Thursday, September 22, 2005

Cheat

Drunk at midnight in Ginza doesn’t have the same delicious feeling that drunk at three in the afternoon in Juarez has. Drunk in Ginza feels forced, desperate. Drunk in Ginza feels like you’re paying so you should have a good time, although you’re not, which makes it feel like you’re paying too much. You’re being cheated.

In Juarez, the bar was tiled with tiny aqua blue tiles, and the mirror behind the bar was so old that its silver backing was beginning to tarnish. The bartender cut limes in half and squeezed the juice from the halves into glasses and added contreau and then tequila and then he shook and strained it into glasses of ice and then he passed the glasses and passed the glasses and passed the glasses across the bar until the world only made sense if you were half-on half-off your barstool, hanging onto the bar with both hands while everything spun first one direction then spun the other direction and you couldn’t make it stop and you couldn’t change directions. The blue tiled bar had a spit trench at the foot, also tiled in the same aqua blue tiles, and water ran there and you could try to spit into it while you were hanging onto the bar, but mostly your measly mouthful of spittle would land on your shoe and the bartender wouldn’t try to hide that he was laughing at you.

In Juarez, the toilet was a white plastic five-gallon bucket behind a curtain in the corner and you passed it up then, though these days you wouldn’t. These days you squat over porcelain holes while a recording plays the sound of flushing to hide the sound of your urine hitting the water.

These days drunk is beer drunk, a bloated, too forced kind of drunk and the company you keep jokes about sex and this is because their humor can’t reach any higher. This could be the language barrier, but you doubt it. This is the company you keep now.

While they drink, everyone changes seats--not because they each want a chance to pet the foreigners, but because this is what they do here. Petting the foreigners is incidental, a treat. It’s a treat for them and you endure it with a smile. These are the people who pay your way here and you could feel something about that, but there’s no reason to bother.

All day long. You. Speak. English. Like. This. And. And. You. Want. You. Want. To. Have. A. Conversation. You. Want. To. Talk. About. Something. Im. Something. Important. And. Instead. You. Force. Laughter. You. Laugh.
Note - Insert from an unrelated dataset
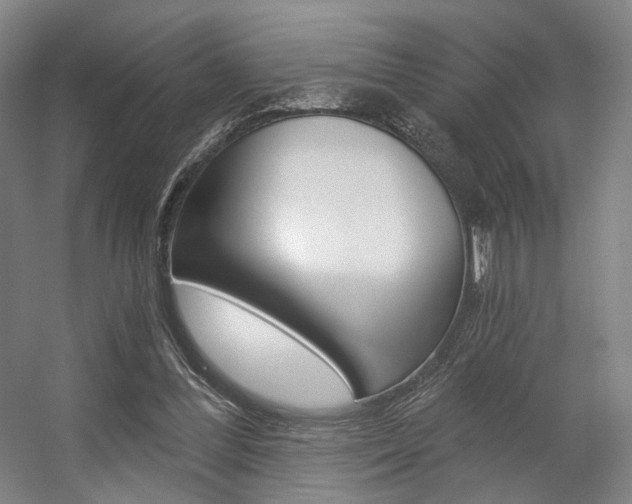 X0000056030300200508190959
And you let yourself be pet by all the help--and, as always, you have to be really drunk before you'll let strangers touch you--because they think they know who you are already and that knowledge is wrong but not easy to fix.

Food comes and you eat and beer comes and you drink and the bar is dark and it is midnight and you’ve missed your last train for more money than fun.
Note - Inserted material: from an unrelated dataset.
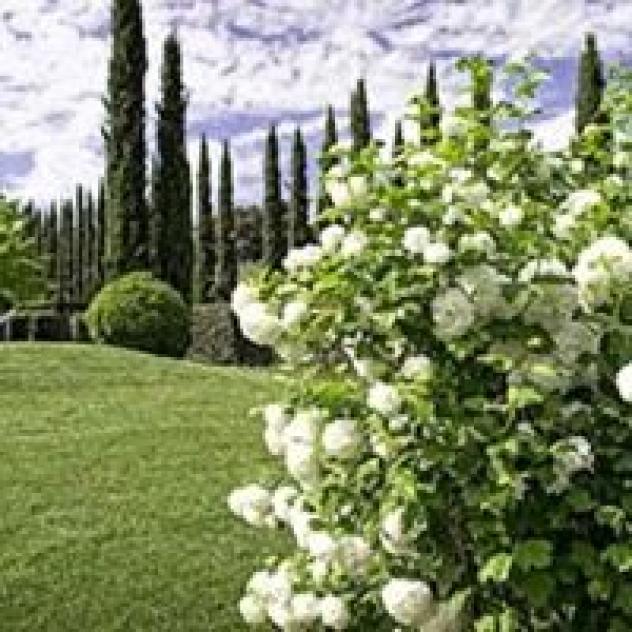 Podere Il Gioiello - Immobiliare Stella S.n.c. - Foto 4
You think: Your heroes drank.

Hemingway drank and sweated it out in the boxing ring the next day, going round after round with his drinking buddies. Hemingway drank so that he dulled the edge of a too keen perception. You haven’t the need to drink for this reason.

Garcia Marquez drank in brothels and cafes that never closed and he argued poetry and literature and though he came at dawn home penniless, he never felt cheated.

You feel cheated.

1 comment:

Anonymous said...

Oh, brenda...On one hand I worry about you seeming to drink much more than you did here, and on the other hand, I am slightly jealous and wishful of your drinking..as in I'm not sure how we've never gotten drunk together on tequila shots, but we haven't. Many promises, but no fulfillment of them. Hopefully, when you return. BTW, I am (finally!) actually trying to get pregnant. I announce it here to the world, if anonymously to everyone but you. Love and miss you!